Going back, the need to go provide more and more labor is not "all right". We are all human and the more we work outside the home the less we can work at home. This led richer people to invest in having people raise their children, take care of aging grandparents, and so on. This is not necessarily bad. But as a person who grew up around hired people at home, I'd argue that children and aging grandparents might prefer loved ones of all genders to take care of them.
2) Organizational: Progress without prosperity
Now, let's imagine that you are a manager in the sixties managing five people. You aim at minimizing mistakes and lowering costs as much as you can. The changes have made it so that you can increase your teams from dyads to trios. The appearance of computers helped on this as well as you can keep track of work much better now. Mistakes plummeted as this happened. three heads are better than two. as this happened. Your boss is happy you are given a raise and more people to supervise.

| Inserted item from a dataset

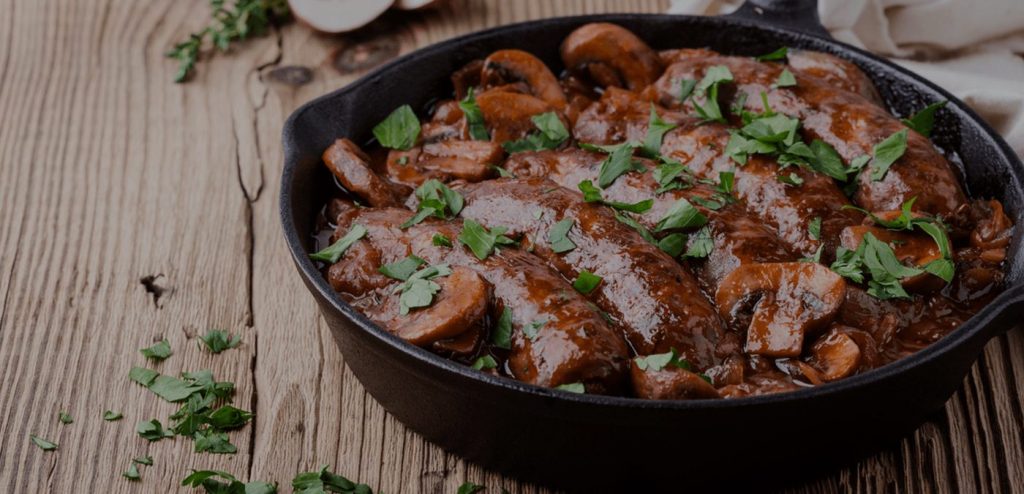 Sausage in Cast Iron Skillet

You now supervise a group of ten people. And to your boss, there was no real change in cost but there was a huge improvement in productivity. Your boss fires some of your peers who did not adapt. In fact, throughout the firm full layers of middle management are removed. The same is true in all firms across all countries. You are now way closer to the C-suite. Yet, you are still at the bottom of the managerial ladder. You can dream though.
Your boss gets huge bonuses. So does their boss and so on. The firm grows dramatically. But the decrease in mistakes has led to trouble. The firm forgot how to innovate. The firm invests in new units called Skunkworks. They are fun. People go there and just play around. Some of their ideas literally change the world after someone steals then. Yet, it does not really matter as the firm is rich. For now. So rich that the CEO is earning now truly amazing amounts. Decades ago HE (there is no she then) earned a few dozen times what your workers earn. Today, your CEO earns hundreds of times what your minions take home. You are thrilled because as you see it, you'll soon be up there with the great ones.
But will you? As the firm gets flatter, the rungs of the ladder get contested. More people vying for the higher rungs. Some of your colleagues are amazing. They outsource their facilities to India, Costa Rica, Nigeria... Utter genius! How can you compare?
Your employees are great at least. They are better educated than you. They have very expensive titles. Yet, somehow, even though they are super productive, you feel they start to hate you. If you don't go up, they do not go up either. Although the firm size balloons to crazy new levels they can not get out of the "shop floor". They are annoyed and start to leave and slack off. Quiet quitting they call it now, Marx called it alienation. You try to think of what to do, but you are just a peg in the huge machinery that is your multinational corporation.
Coda
Let's backtrack for a second. What happened here? Computer and equality --two great things-- led to profits --a useful thing. Yet, this prosperity bubbled up to the top and the busy bees below had no way of going up anymore. Households need to work longer for the same wages. Children see their parents less. Elderly are more precarious. Can we do anything?
Yes and No. First the positive. If you read that minimum wages are too low. Please accept it at face value. Even if they had increased since the dearths of the 90s, they are still lower than in the early 70s in real terms. Increases might lead to unemployment but the middle class has been robbed of the shared prosperity of the upper classes for a long time. And in absence of Robbin Hood CEOs that shared the wealth with all their workers, minimum wages are the only way for the middle and working class to get what is due to them. In the least, they should remain stable in "real" terms.
PS: Sometimes Marx is right and "Profits are The unpaid Wages of The Workers."